M.-A. Lemburg mal@lemburg.com
Thu, 09 Mar 2000 22:42:55 +0100


Andy Dustman wrote:
> 
> On Thu, 9 Mar 2000, M.-A. Lemburg wrote:
> 
> > Andy Dustman wrote:
> > >
> > > cursor.fetchrow(), of course, returns the result as a sequence of values,
> > > usually a tuple. cursor.fetchrowDict() returns the result as a dictionary,
> > > where the keys are the column names and the values are the column values.
> >
> > How does this help with columns which are the result of
> > a SQL function, e.g. select max(value) from table ?
> 
> You'd probably want to use AS to rename computed columns, e.g.,
> 
> SELECT MAX(value) AS max_value FROM table;

Hmm, you're just moving complexity from Python into SQL, but...
anyways it's probably convenient to have :-)
 
> > Wouldn't the same functionality be available by simply
> > merging the information from cursor.description and the
> > result of .fetchone() (that's how my own abstract DB class works,
> > BTW) ?
> 
> Yep, and that's essentially what fetchoneDict() is doing. fetchoneDict()
> could have been implemented in Python to do that, but in this case, it's
> done in C: conn.fetch_row_as_dict(), conn.fetch_rows_as_dict(n),
> conn.fetch_all_rows_as_dict()); where conn is a _mysql.MYSQL connection
> object. result.describe() produces the DB API description tuple from some
> MySQL structures; where result is a _mySQL.MYSQL_RES result object.

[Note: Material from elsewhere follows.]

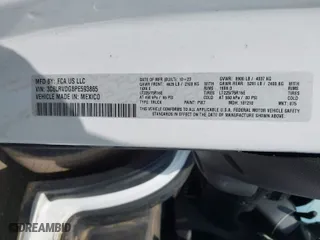 2023 Ram ProMaster Cargo Van with VIN 3C6LRVDG8PE593865, listed as a IAAI auction lot 42087540 with 49,772 mi miles. Bid and sale history available at carsss.com. Image 9.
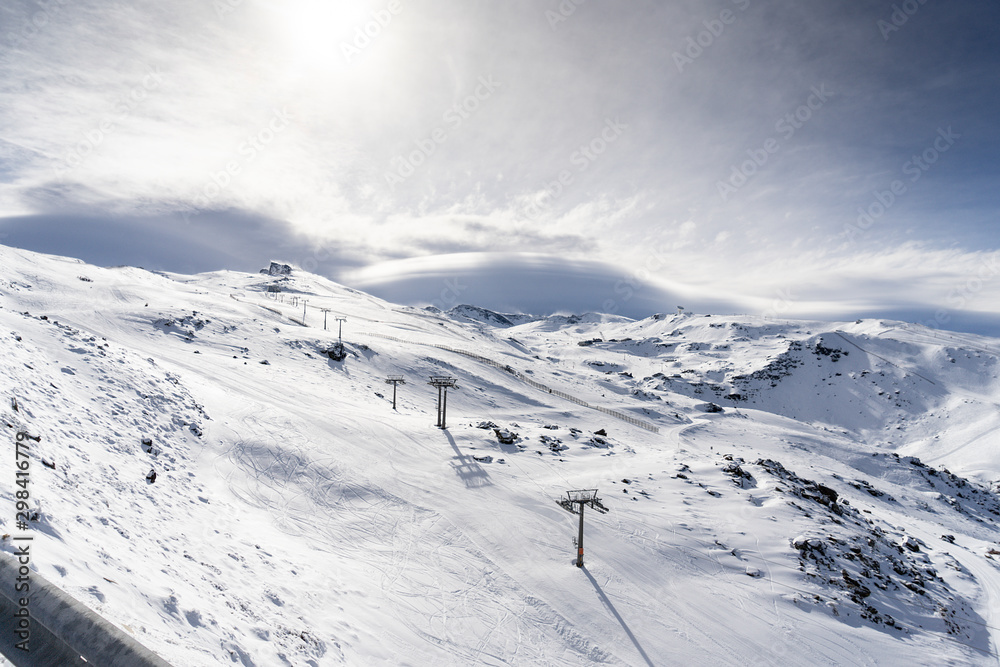 Ski resort of Sierra Nevada in winter, full of snow. - obrazy, fototapety, plakaty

The
> various fetch_XXX_as_dict() methods just get this information directly out
> of some C data structures.
> 
> And, one of the things about MySQLdb is, since the top-level interface IS
> written in Python, you can directly subclass the Connection and Cursor
> objects (rather than writing wrappers), so really someone could have just
> added this on as their own subclass. Let's just say it's there due to
> popular demand, and documentated as non-portable.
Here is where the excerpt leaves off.